The Fellows and Foundation are fantastic. I have an hour Skype every week with Karien, and another hour with the whole Fellowship. These are incredibly valuable.  With such a huge ambition we need focus.

There’s huge synergy with several formal and many informal projects. Once you decide that your software and output is Open, you can move several times faster. No tedious agreements to sign. No worries about secrecy, so no delays in making knowledge open.  Of the formal projects :

  • Andy Howlett is doing the 3rd year of his PhD in the Unilever Centre here on metabolism. He can use the 10 years’ worth of Open Source we have developed and because his contributions are also Open we’ll benefit in return.
  • Mark Williamson is  using our software in similar fashion.
  • Ross Mounce and Matt Wills at Bath are running the PLUTo project. Because it’s completely Open they can use our software and we can re-use their results.
  • we are starting work with Chris Steinbeck at EBI on automated extraction of metabolites and phytochemistry from the literature.

Informally we are working with Volker Sorge (Birmingham) and Noureddin Sadawi (Brunel) on scientific computer vision and re-use of information for Blind and Visually Impaired people. With Egon Willighagen and John May on the (Open) Chemistry Development Kit. With the Crystallography Open Database…

How can it possibly work?

In the same way that Steve Coast “single-handedly” and with zero-cash built up OpenStreetmap.

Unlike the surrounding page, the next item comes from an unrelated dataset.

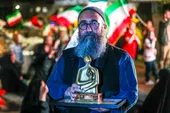 حمید قربان پور حضور در میدان را به نشستن در آتلیه ترجیح می&zwnj;دهد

  • promoting the concept. We are already well known in the community and people are watching and starting to participate.
  • by building horizontal scalability.  By dividing the problem into separate journals, we can build per-journal solutions. By identifying independent disciplines (chemistry, species, phylogenetics…) we can develop independently.
  • an Open modular software and information architecture. We build libraries and tools, not applications. So it’s easy to reconfigure. If people want a commandline approach we can offer that.
  • By re-using what’s already Open. We need a chemical database? don’t build it ourselves – work with EBI and Pubchem. An Open bibliography? work with Europe PubMedCentral.
  • by attracting and honouring volunteers. RichardSU has discovered the key point is to offer evening-sized problems. Developers don’t want to tackle a complex infrastructure – they want something where the task is clear and they can complete before they go to bed. And we have to make sure that they are promoted as first-class citizens.

Much of what we do will depend on what happens every week. A month ago I hadn’t planned for solvers.io; or Longan Java OCR; or Peer Library; or JournalToCs; or BoofCV; or …

… YOU!

PS: You might wonder what a 72-year-old is doing running a complex knowledge project. RichardSU asked that on hacker-news and I’m pleased that others value my response. If Neelie Kroes can change the world at 72, so can I – and so can YOU.

If you are retired you’re exactly the sort of person who can make massive contributions to the Content Mine. And it’s fun.